Object name: WHITING1

Designation(s): WHITING1,

Whiting 1 isn't much of a globular cluster. It certainly won't win any photogenic awards but it is quite interesting. Most globular clusters are about 10 billion years old, having formed with the galaxy 10 billion years ago. Whiting 1, however, is much younger, probably about 6.5 billion years old. This is possible because it likely didn't form in our galaxy. In fact, it is part of what is known as the Sagittarius Dwarf Elliptical Galaxy (SagDEG) also known as the Sagittarius Dwarf Spheroidal Galaxy. This galaxy, or what's left of it, was discovered in 1994. It is now mostly a stream of stars representing what was this galaxy before our galaxy began digesting it. In 2002 the star group in my image was discovered, three years later it was shown to be what's left of a globular cluster that likely belonged to the SagDEG.

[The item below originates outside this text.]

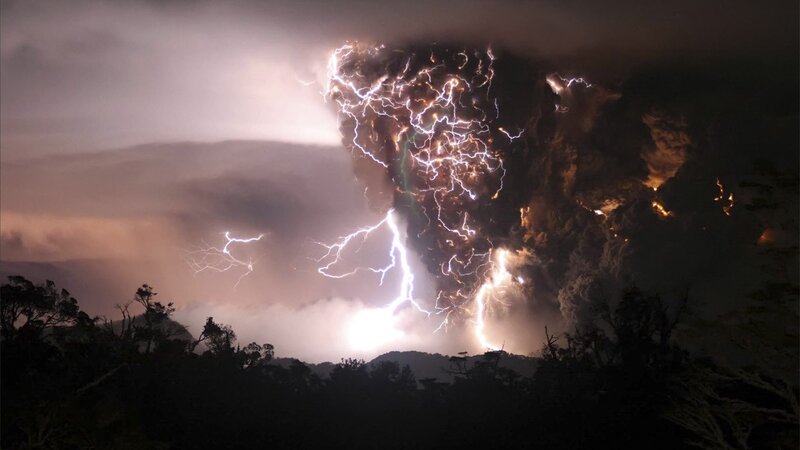 Volcanic Eruption with Lightning — Dramatic, White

It is about 112,500 light years from our galaxy's core and 98,100 light-years from earth according to Hartmut Frommert of SEDS. A paper on this cluster with slightly different values is at .

Always looking to press the limits of my system I had to go after this cluster in central Cetus. It turns out to be not all that difficult to resolve, at least the brighter stars. I assume the bright stars seen against the cluster are just field stars in our galaxy and not members of the cluster. One of the fainter stars turns out to be a galaxy. It is pointed out in the annotated image. NED has little on most galaxies in the field. I've identified all with redshift information and a few without and only known by coordinates. Quite a few more are listed in NED but since they are only known by their positions and have no redshift data I didn't try to list but a very few of them.

Galaxies labeled KISSR are from the Kitt Peak National Observatory International Spectroscopic Survey Red spectral region. Those with an x are candidates according to NED.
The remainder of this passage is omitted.